A former Mettrum employee told The Globe he witnessed myclobutanil being sprayed directly on the company’s plants as far back as 2014, despite knowing it was prohibited, and provided e-mail evidence showing that management was aware of the problem. Mettrum’s former CEO, Mr. Haines, has not responded to numerous requests for comment by The Globe.

“Various individuals have clearly expressed their concern and disappointment over this situation and the [Mettrum] recalls,” David O’Connor of the firm Roy O’Connor, said Monday. “This proposed class-action can provide these individuals with an efficient avenue to have their claims addressed in court.”

Meanwhile, OrganiGram said last week that it conducted an internal investigation into its recall and could not determine how the chemical got into the company’s plants.

Wagners Law Firm said more than 2,000 customers are estimated to have purchased contaminated products from OrganiGram, which is based in Moncton, N.B.
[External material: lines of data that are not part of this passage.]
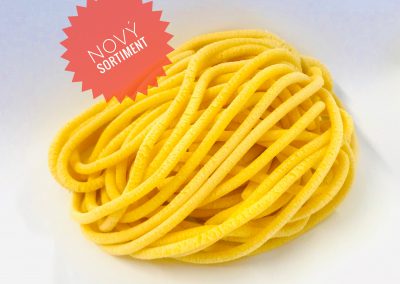 Spaghetti Bigoli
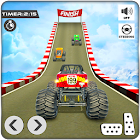 Sky Ramp Monster Truck Stunts Racing Challenge 1.0.5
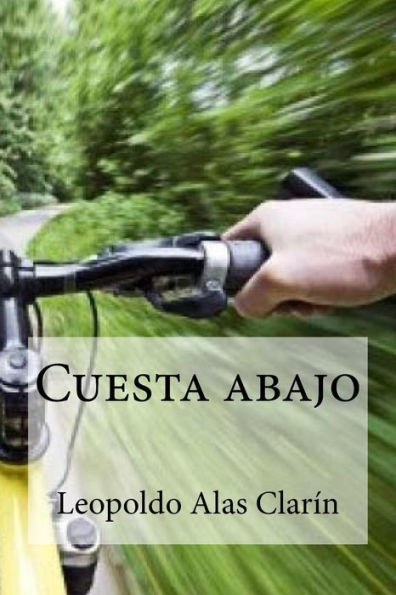 Cuesta Abajo (Spanish Edition) - 9781533323958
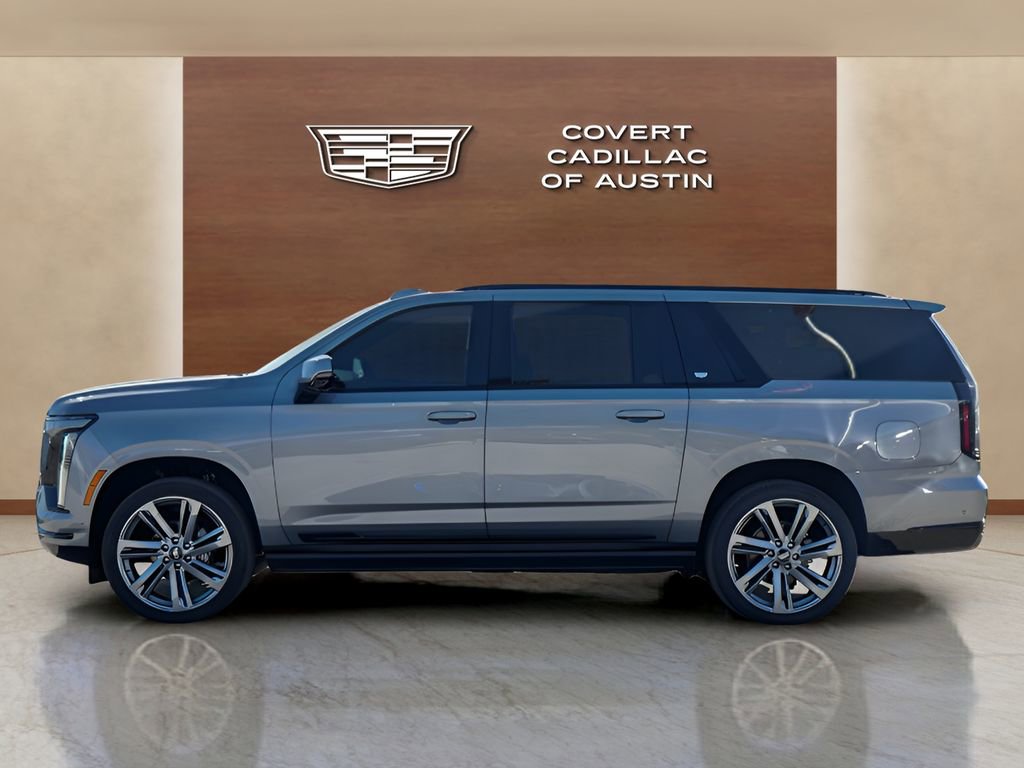 New 2026 Cadillac Escalade ESV Sport w/ Touring Package AWD/4WD image 4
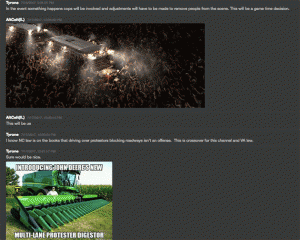 White Supremacists Joked About Using Cars to Run Over Opponents Before Charlottesville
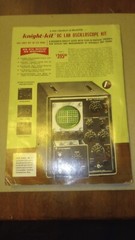 Vintage 1962 Allied Electronics for Industry Catalog 584 Pages – See Descrition
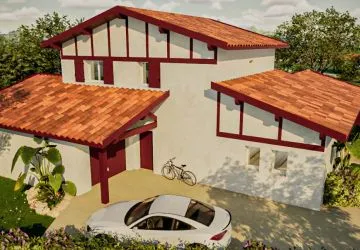 Image du modèle de maison MUNDAKA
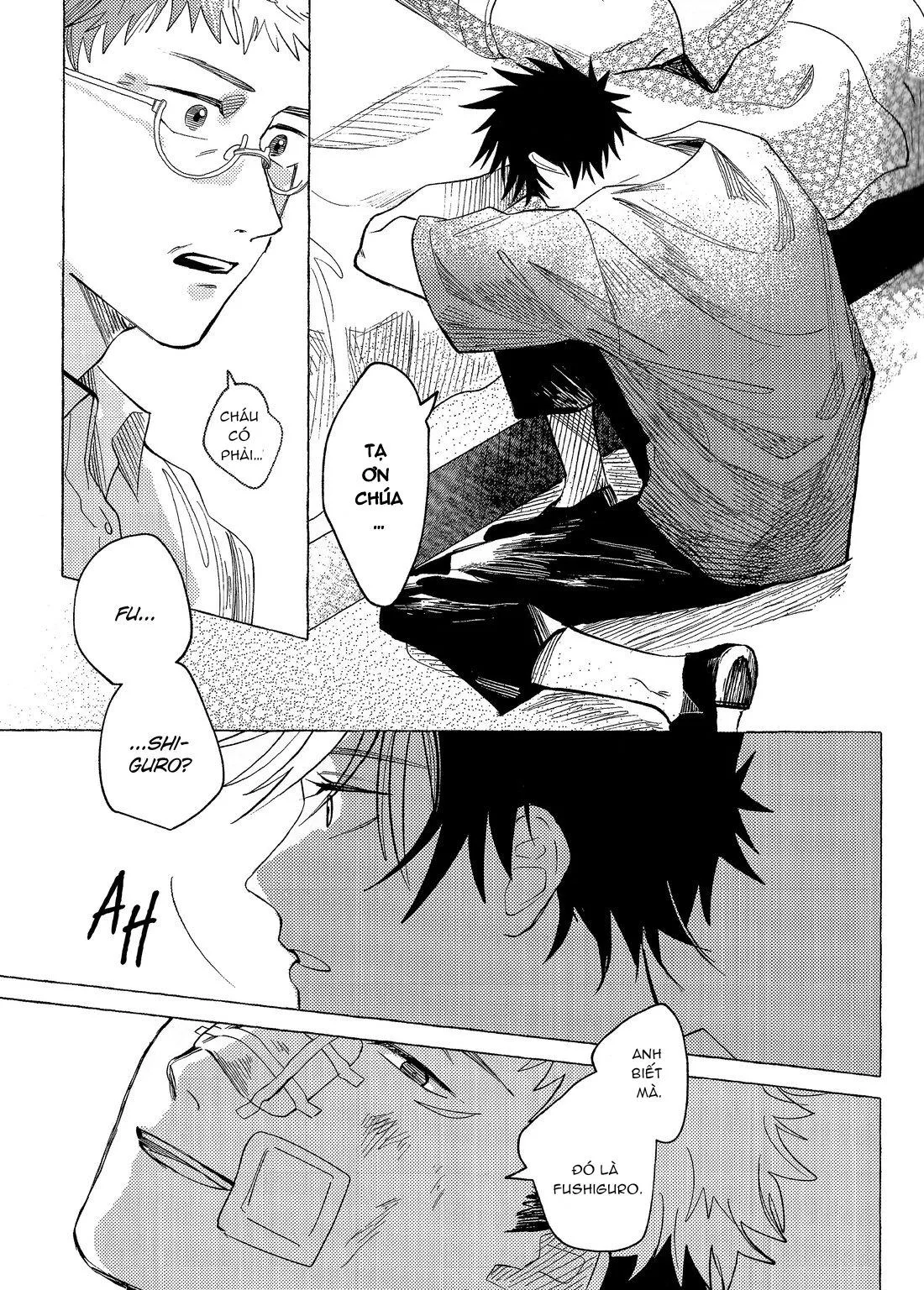 Tổng hợp truyện Oneshot và Doujinshi theo yêu cầu Chapter 72 Trang 16
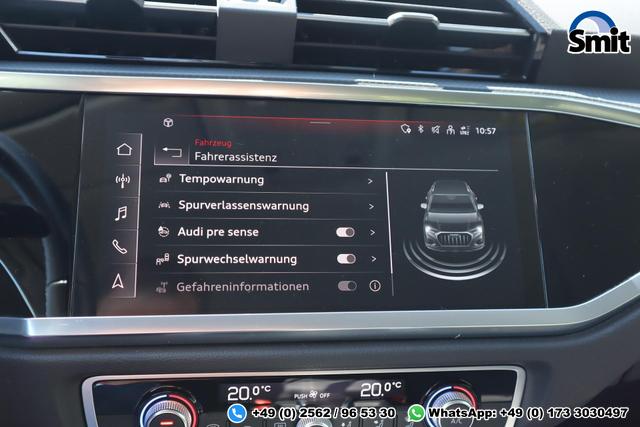 Audi Q3 35 1.5 TFSI basis 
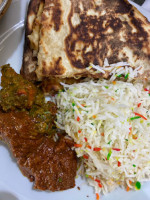 Taj Indian Tandoori food
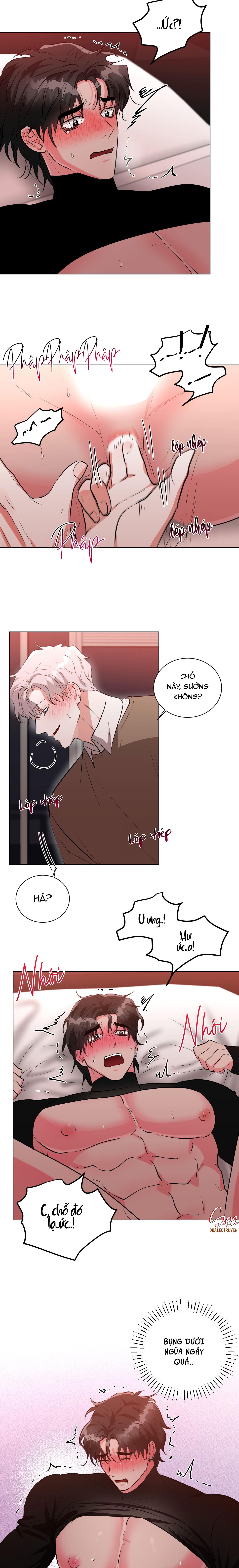 Đọc truyện TUYỂN TẬP TRUYỆN NGẮN HỎNY CỦA NHÀ SẸC - Chapter 44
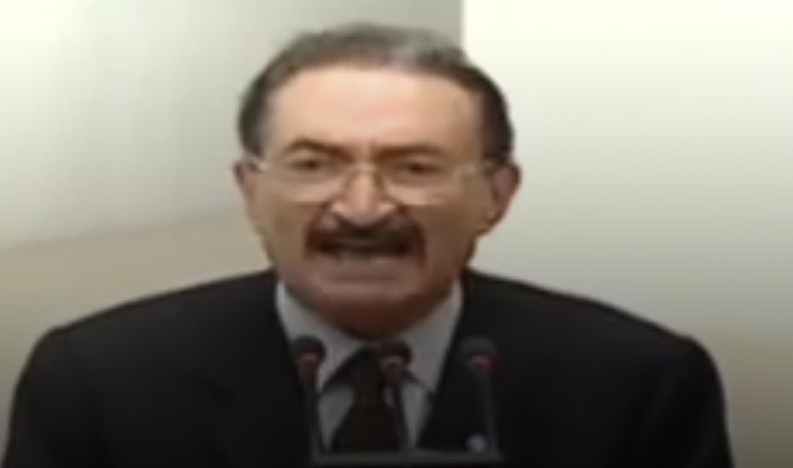 Davutoğlu'nun yancısı, iyice zıvanadan çıktı! Verdiği 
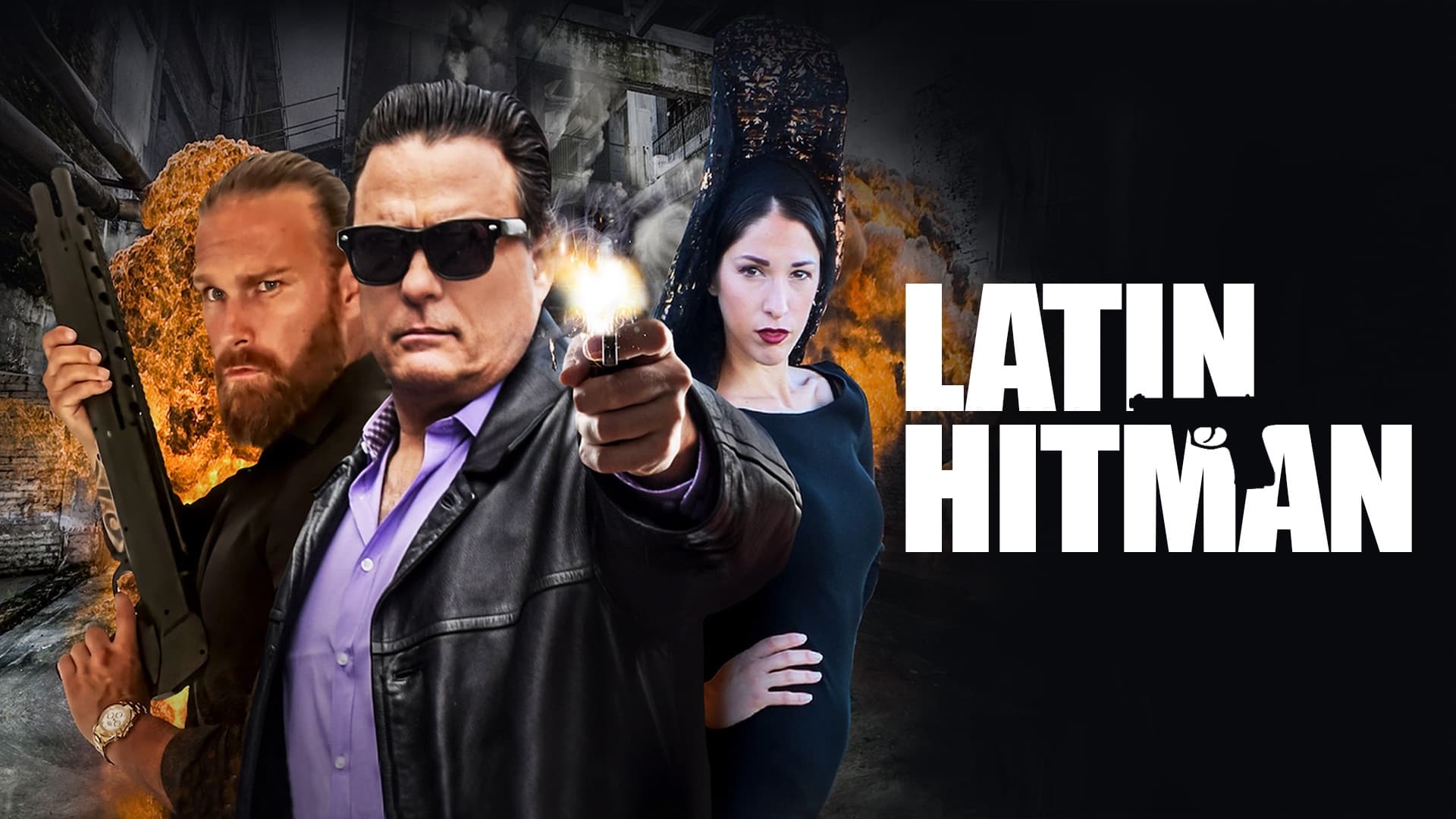 Latin Hitman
The proposed class-action suit against OrganiGram alleges that the company “manufactured its organic medical-cannabis product without having in place adequate quality-control protocols.”

The suit also alleges OrganiGram “took no immediate steps to modify its manufacturing practices once it became aware of the presence of prohibited pesticides in the Affected Product.”

In particular, the suit claims customers of the company were misled on the safety of the medicine by the company’s organic designation, which was provided by certification agency Ecocert Canada. That designation has since been suspended.

OrganiGram has offered customers a credit for the products they purchased. However, the suit seeks to have OrganiGram refund the financial proceeds made from the recalled products, in addition to other damages.

“OrganiGram has acted in such a high-handed, wanton and reckless or deliberate manner, without due regard to public health and safety as to warrant an award of punitive damages,” the suit alleges.